● Instructions for the task
Make an exact copy of all the records that follow, apart from the pictures.

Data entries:
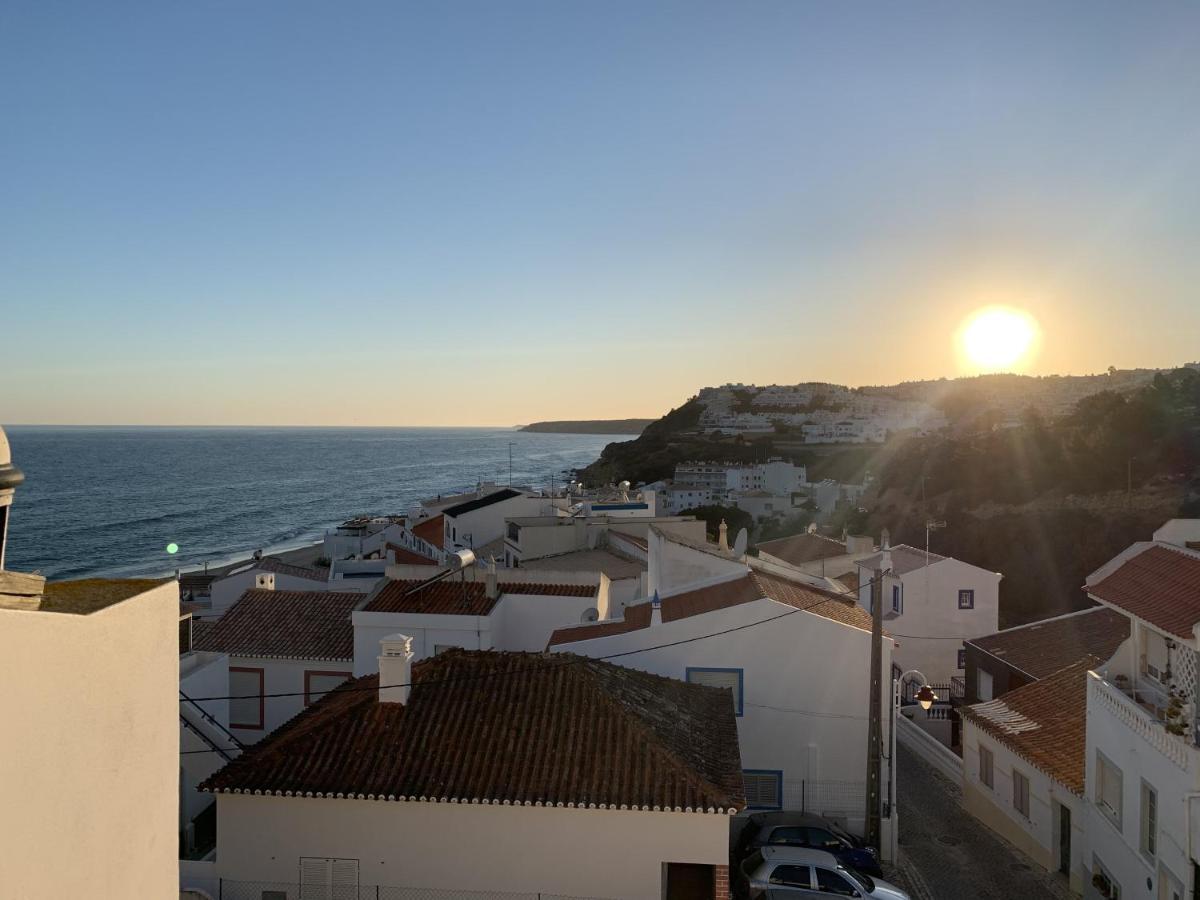 Casa Pedro In Salema - Oceanview & Beach Kültér fotó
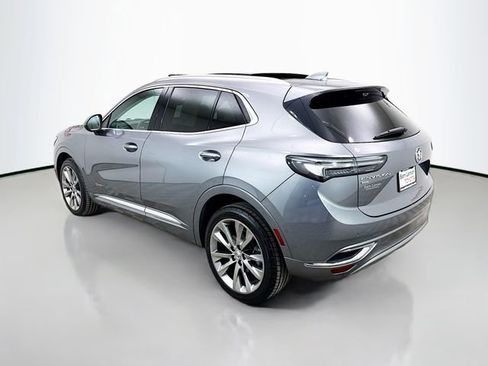 Used 2022 Buick Envision Avenir w/ Technology Package II image 5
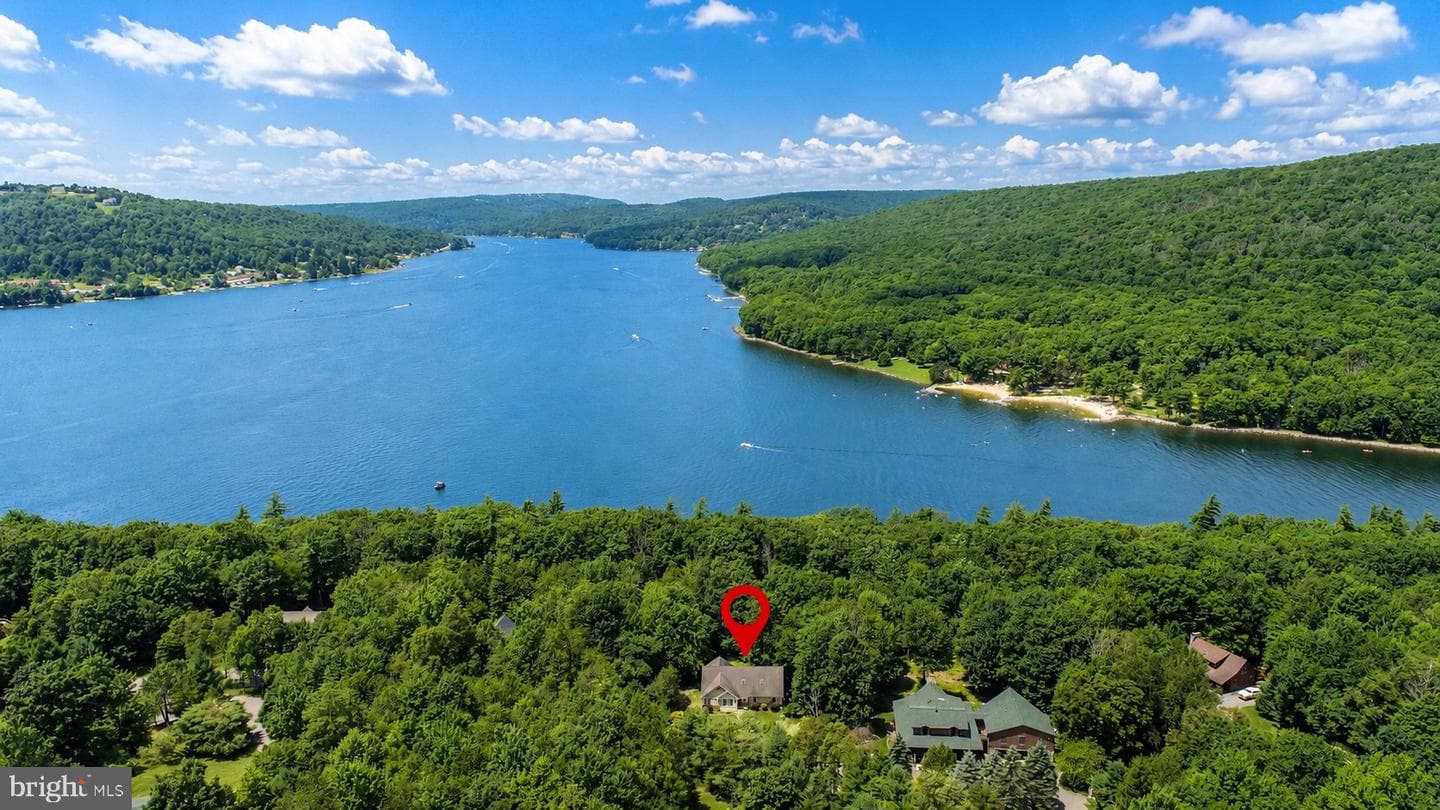 365 Pinnacle Drive, Swanton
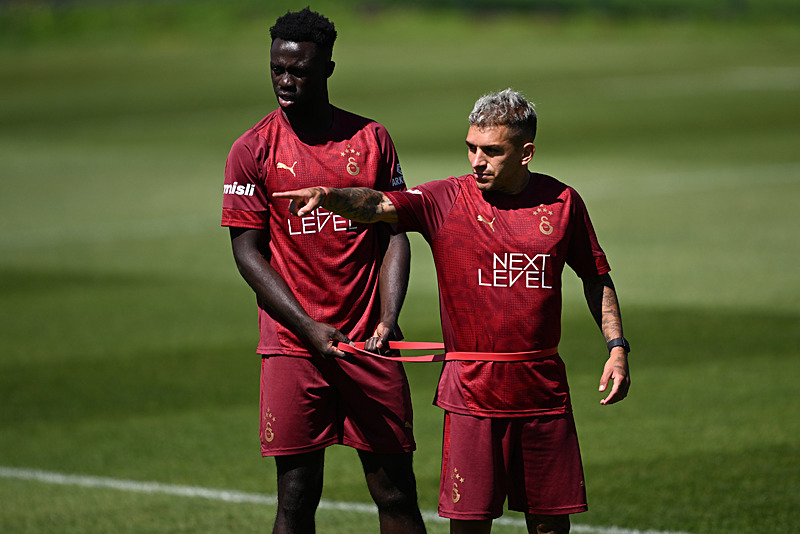 Galatasaray’da Davinson Sanchez ile sözleşme görüşmeleri devam ediyor! İşte talep ettiği maaş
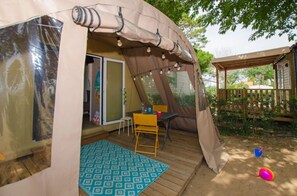 Outdoor dining - Camping 4 étoiles - Piscine  - ccbbecb (Agde)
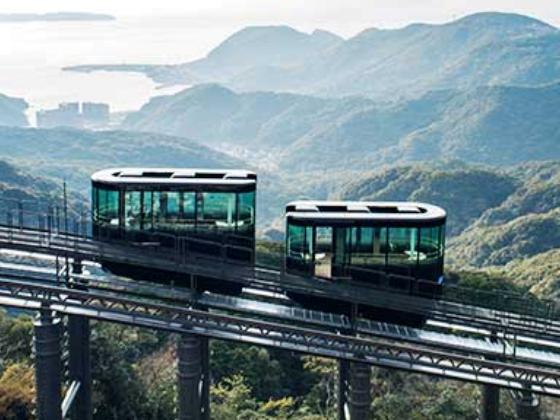 【日帰り／博多発着／添乗員同行】 ゴールデンウィーク出発！ ★西九州の海めぐり観光列車★ふたつ星4047で行く長崎の旅 ～異国情緒漂う長崎と長崎稲佐山スロープカーで稲佐山展望台へご案内～3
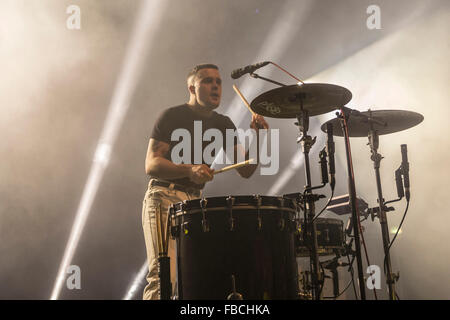 London, UK, 14. Januar 2016. Sklaven Live Performance bei o2 Kentish Town Forum. © Robert Stainforth/Alamy Stockfoto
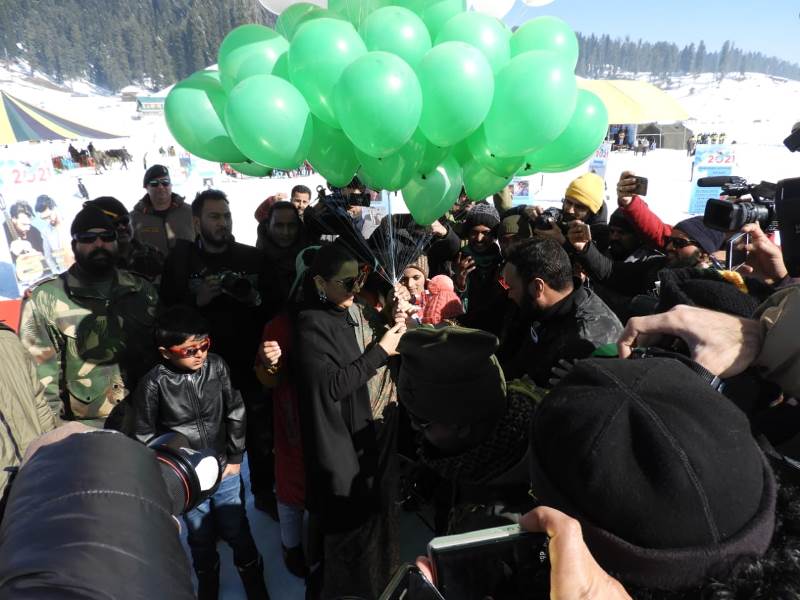 Jammu and Kashmir celebrates Gulmarg Winter Festival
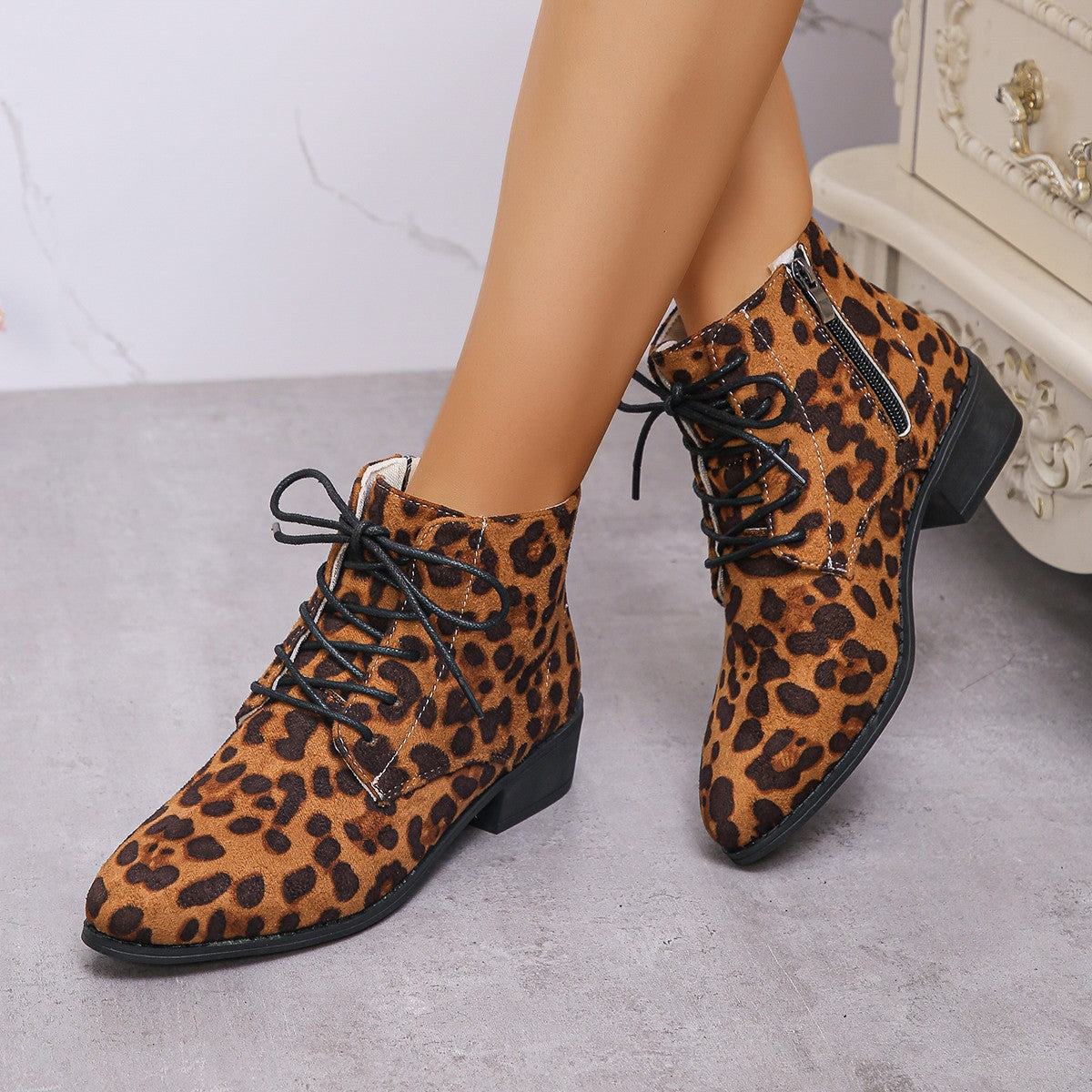 Modische Damen-Stiefeletten mit seitlichem Zipper und Textil-Obermaterial von MODEGEIST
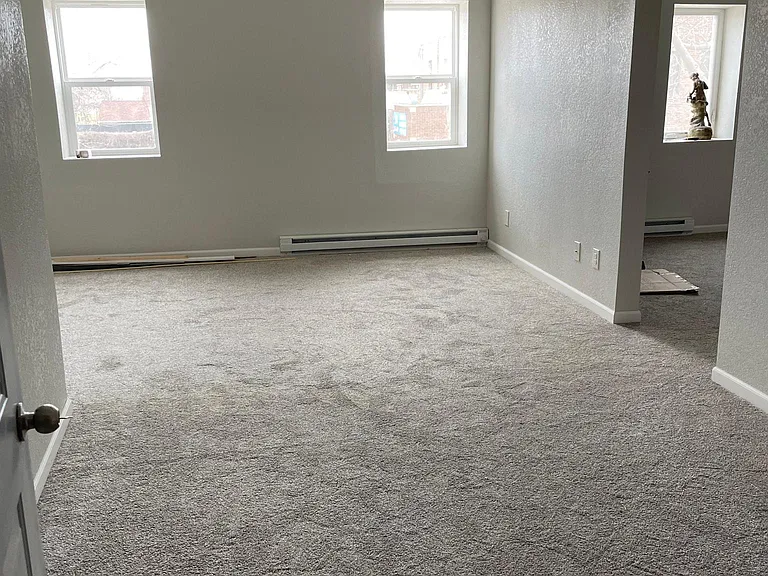 114 Broadway Ave N #1 — Photo 3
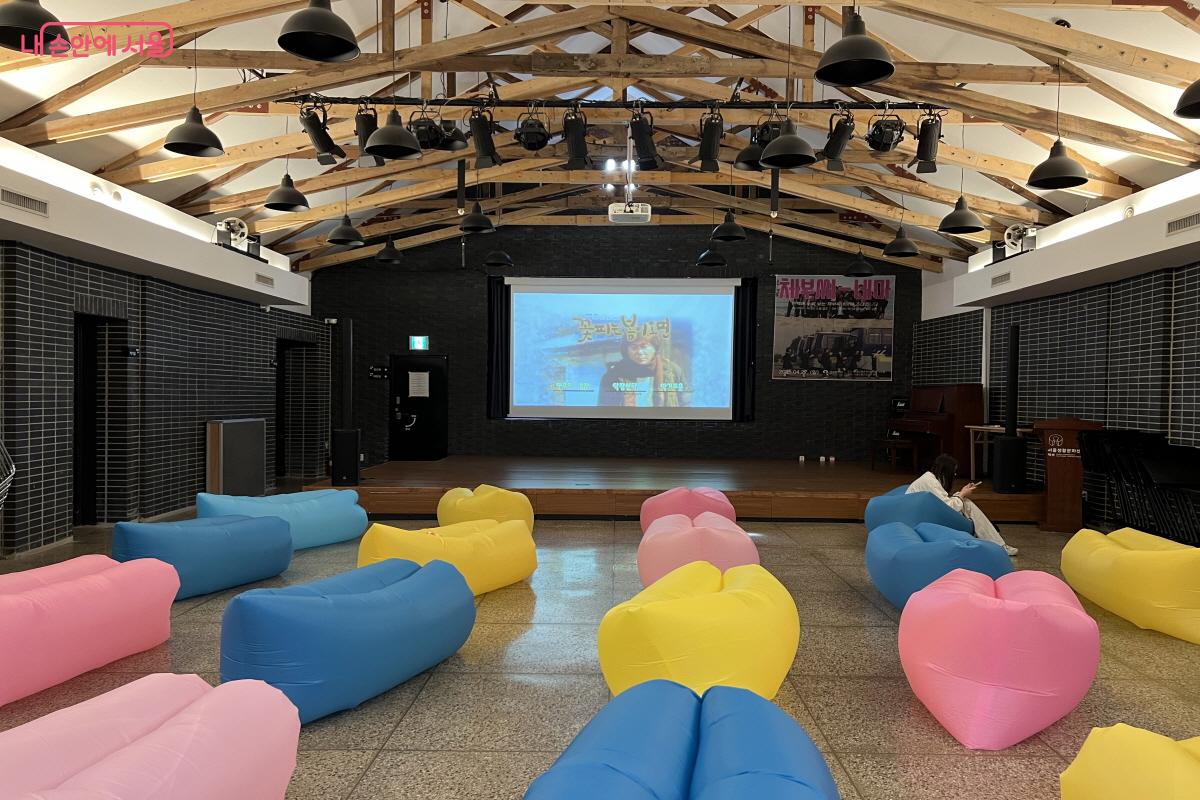 영화 시작 전 체부홀 ⓒ박지영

● Solved exercise
 Casa Pedro In Salema - Oceanview & Beach Kültér fotó
 Used 2022 Buick Envision Avenir w/ Technology Package II image 5
 365 Pinnacle Drive, Swanton
 Galatasaray’da Davinson Sanchez ile sözleşme görüşmeleri devam ediyor! İşte talep ettiği maaş
 Outdoor dining - Camping 4 étoiles - Piscine  - ccbbecb (Agde)
 【日帰り／博多発着／添乗員同行】 ゴールデンウィーク出発！ ★西九州の海めぐり観光列車★ふたつ星4047で行く長崎の旅 ～異国情緒漂う長崎と長崎稲佐山スロープカーで稲佐山展望台へご案内～3
 London, UK, 14. Januar 2016. Sklaven Live Performance bei o2 Kentish Town Forum. © Robert Stainforth/Alamy Stockfoto
 Jammu and Kashmir celebrates Gulmarg Winter Festival
 Modische Damen-Stiefeletten mit seitlichem Zipper und Textil-Obermaterial von MODEGEIST
 114 Broadway Ave N #1 — Photo 3
 영화 시작 전 체부홀 ⓒ박지영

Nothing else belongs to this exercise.